PROBLEM TO WORK ON: Print every line below exactly as written, but leave the pictures behind.

COLLECTED MATERIAL:
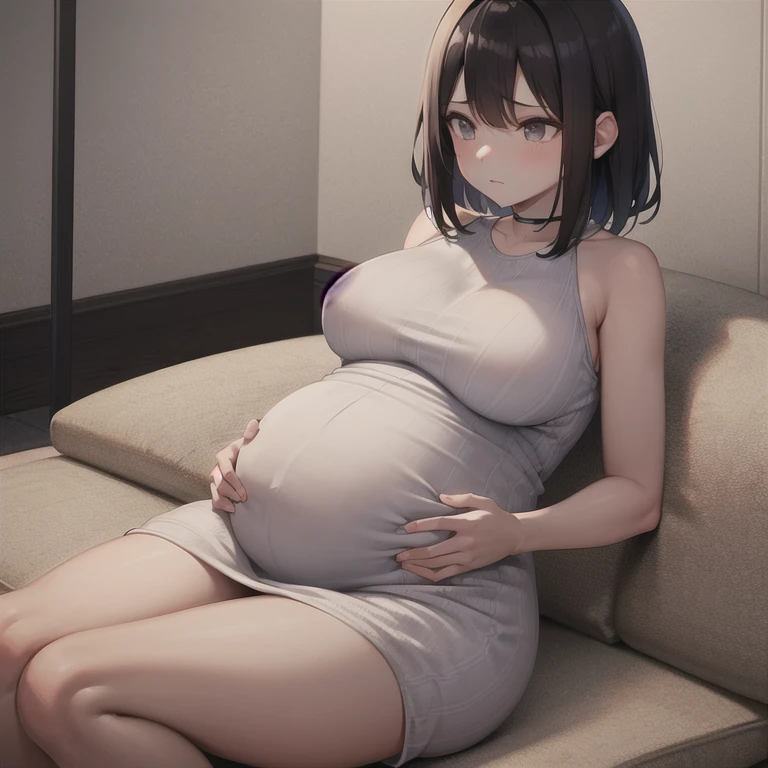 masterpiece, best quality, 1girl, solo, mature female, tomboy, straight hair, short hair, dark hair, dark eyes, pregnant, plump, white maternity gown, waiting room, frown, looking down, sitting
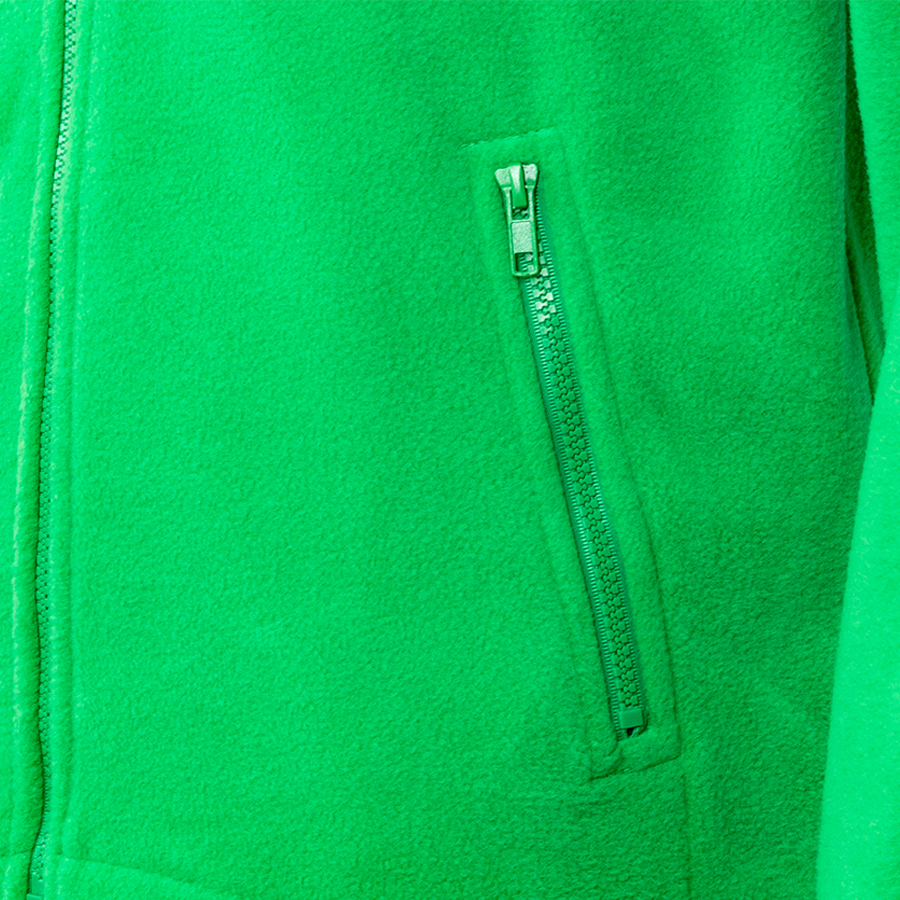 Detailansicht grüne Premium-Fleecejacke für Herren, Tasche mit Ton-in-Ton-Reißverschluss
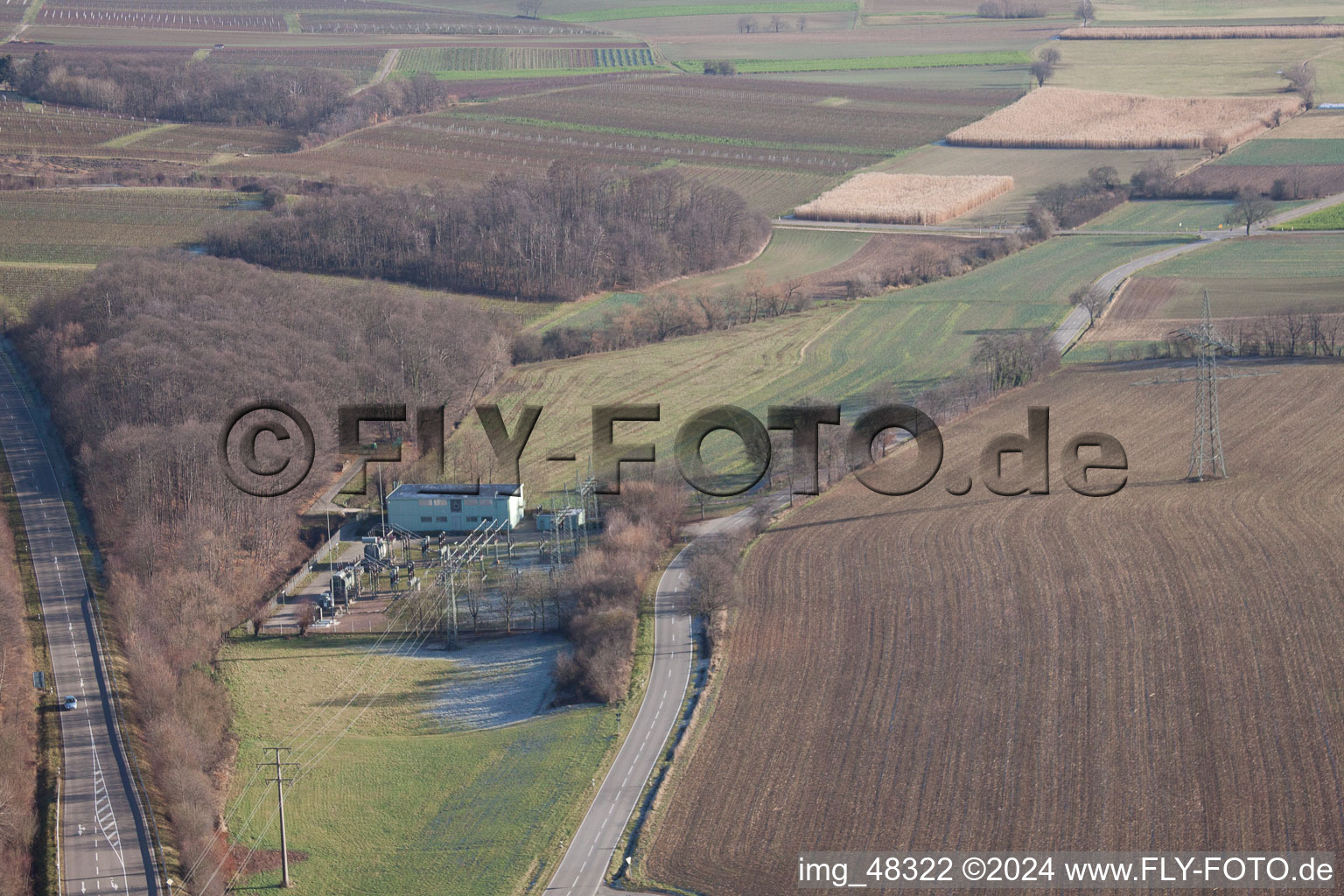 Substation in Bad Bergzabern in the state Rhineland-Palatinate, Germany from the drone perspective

RESULT BELOW:
 masterpiece, best quality, 1girl, solo, mature female, tomboy, straight hair, short hair, dark hair, dark eyes, pregnant, plump, white maternity gown, waiting room, frown, looking down, sitting
 Detailansicht grüne Premium-Fleecejacke für Herren, Tasche mit Ton-in-Ton-Reißverschluss
 Substation in Bad Bergzabern in the state Rhineland-Palatinate, Germany from the drone perspective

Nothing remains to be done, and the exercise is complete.